Short Term Medical Plans Approved For 36 Months
In a recent release of three reports on the current state of the individual insurance market, Centers for Medicare & Medicaid Services (CMS) data reveal serious problems. While enrollment data show stable enrollment for subsidized exchange coverage, the number of people enrolled in the individual market without subsidies declined by an alarming 20 percent nationally in 2017, while at the same time premiums rose by 21 percent. Many state markets experienced far more dramatic declines, with unsubsidized enrollment dropping by more than 40 percent in six states, including a 73 percent decline in Arizona.
These troubling trends were besetting individual markets as President Trump took office, which led the President to issue the executive order “Promoting Healthcare Choice and Competition Across the United States” in October 2017. The executive order seeks to address the failings of the ACA, which severely limited the choice of healthcare options available to many Americans and produced large premium increases in many state individual markets for health insurance.
“We continue to see a crisis of affordability in the individual insurance market, especially for those who don’t qualify for large subsidies,” said CMS Administrator Seema Verma. “This final rule opens the door to new, more affordable coverage options for millions of middle-class Americans who have been priced out of ACA plans.”

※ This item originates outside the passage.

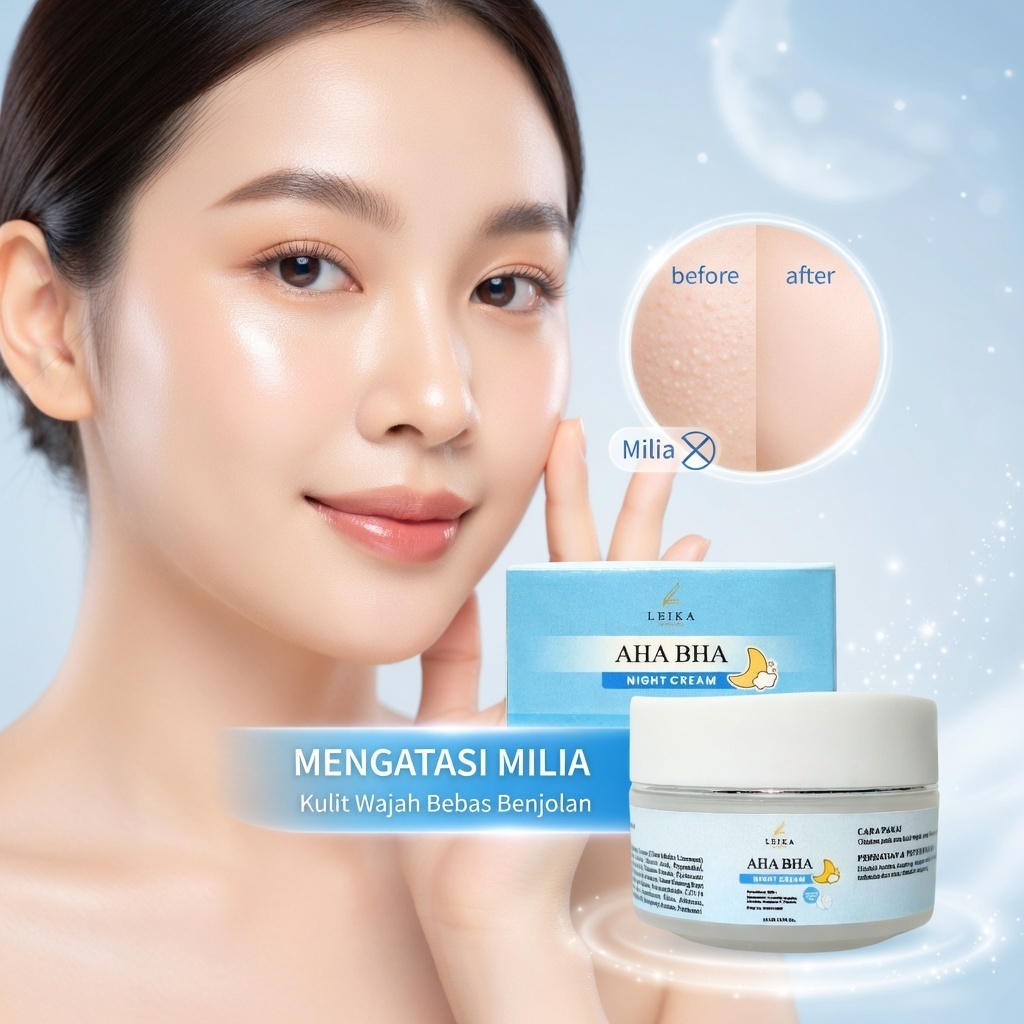 NIGHT CREAM AHA BHA LEIKA SKINCARE ORIGINAL RESMI BPOM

Pre-Existing Conditions Not Covered
Short-term, limited-duration insurance, which is not required to comply with federal market requirements governing individual health insurance coverage, can provide coverage for people transitioning between different coverage options, such as an individual who is between jobs, or a student taking time off from school, as well as for middle-class families without access to subsidized ACA plans. Access to these plans has become increasingly important as premiums have escalated for individual market plans, and affordable choices for individuals and families have dwindled.
The average monthly premium for an individual in the fourth quarter of 2016 for a short-term, limited-duration policy was approximately $124, compared with $393 for an unsubsidized individual market plan.
Plans May Not Be Offered In California
With the final rule on short term medical plans, companies offering these plans will be adjusting their terms and conditions to potentially reflect the longer duration of up to 36 months. Other carriers may enter the market. California may pass their own rules limiting the short term medical plans. Short Term Medical plans typically have caps on the amount of money that will be paid on behalf of the insured for medical care. There is usually limited coverage for prescription drugs.